In its earlier estimate, the budget office said the bill would reduce future deficits by $132 billion.
The budget office said that the changes largely stemmed from technical corrections, but it also included adjustments for some amendments that Democrats made to the legislation after the last cost estimate was released on Dec. 19. The budget office said the only change with a “significant budgetary impact” was a package of preventive health care services for women added by Senator Barbara Mikulski, Democrat of Maryland. The budget office said those services would cost about $1 billion over 10 years.
The budget office said it also had to make adjustments to account for the drawn-out legislative process. The new analysis, it said, “reflects an updated assumption about when the legislation would be enacted, a step that is now assumed to occur in the spring of 2010; the previous estimate assumed enactment by the end of December 2009.”
In its updated analysis, the budget office reaffirmed its projection that the Democrats’ legislation would reduce the number of uninsured Americans by 31 million through 2019, as compared with current law.

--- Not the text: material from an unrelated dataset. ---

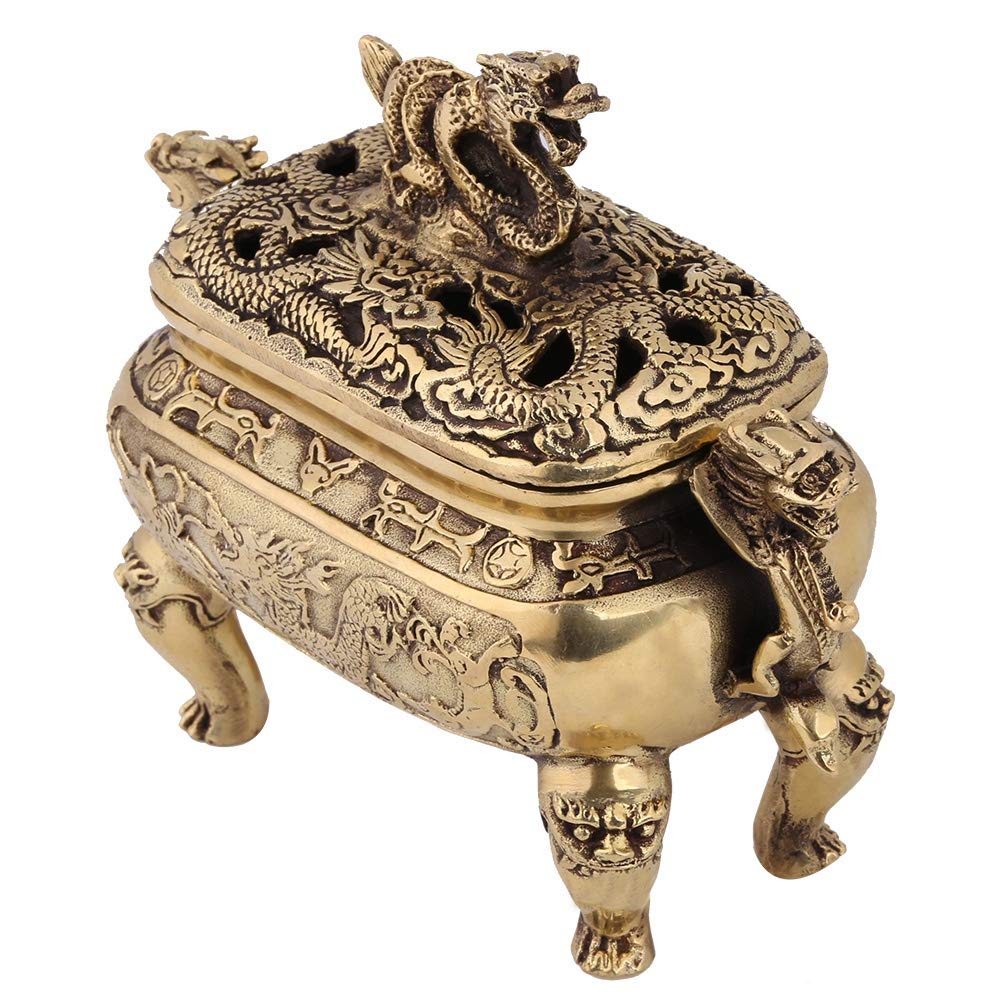 EMUKOEP 1PC Antique Bronze Copper Chinese Dragon Incense Burner Holder Home Decoration Incense Tower Burner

Lawmakers are anxiously awaiting a cost analysis of the proposed changes to the health care legislation that would be included in a budget reconciliation package. Those changes are expected to raise the price tag of the new insurance coverage provisions to roughly $950 billion. Mr. Obama and Congressional Democrats seem intent on keeping the 10-year cost below $1 trillion out of concern that people will view the bill as too expensive.
The cost figures can often be difficult to put into context, with some people focused on the 10-year cost, others focused on the average annual cost, and still others more concerned with whether it will increase or lower future deficits. Because of the new tax revenue and cuts in government spending, the budget office predicts the health care legislation would reduce future federal deficits by perhaps $1 trillion between 2020 and 2029.

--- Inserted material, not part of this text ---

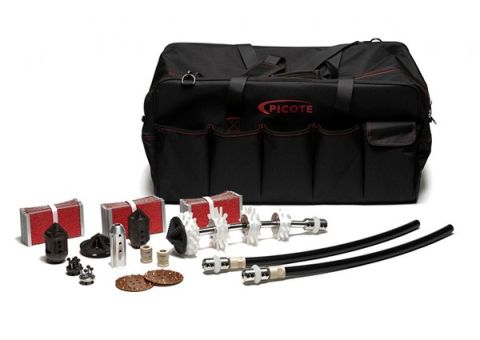 Picote 4 inch Pro Cutting Kit with Smart Cutter components, Twister Express tools, drill heads, grinding panels, and accessories for 1/2 inch shaft cutting and reinstatement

But those projections are highly uncertain, and Republicans are warning that Congress will not have the stomach to follow through with many of the spending reductions.
On Friday, however, House Speaker Nancy Pelosi cited the new analysis as evidence that Democrats were committed to adopting fiscally responsible health care legislation. “It showed over $100 billion in savings for the first 10 years of the bill, and a trillion dollars over the second 10 years,” she said. “That is exactly what we — or better — what we hope to do with the reconciliation bill, to sustain those numbers.”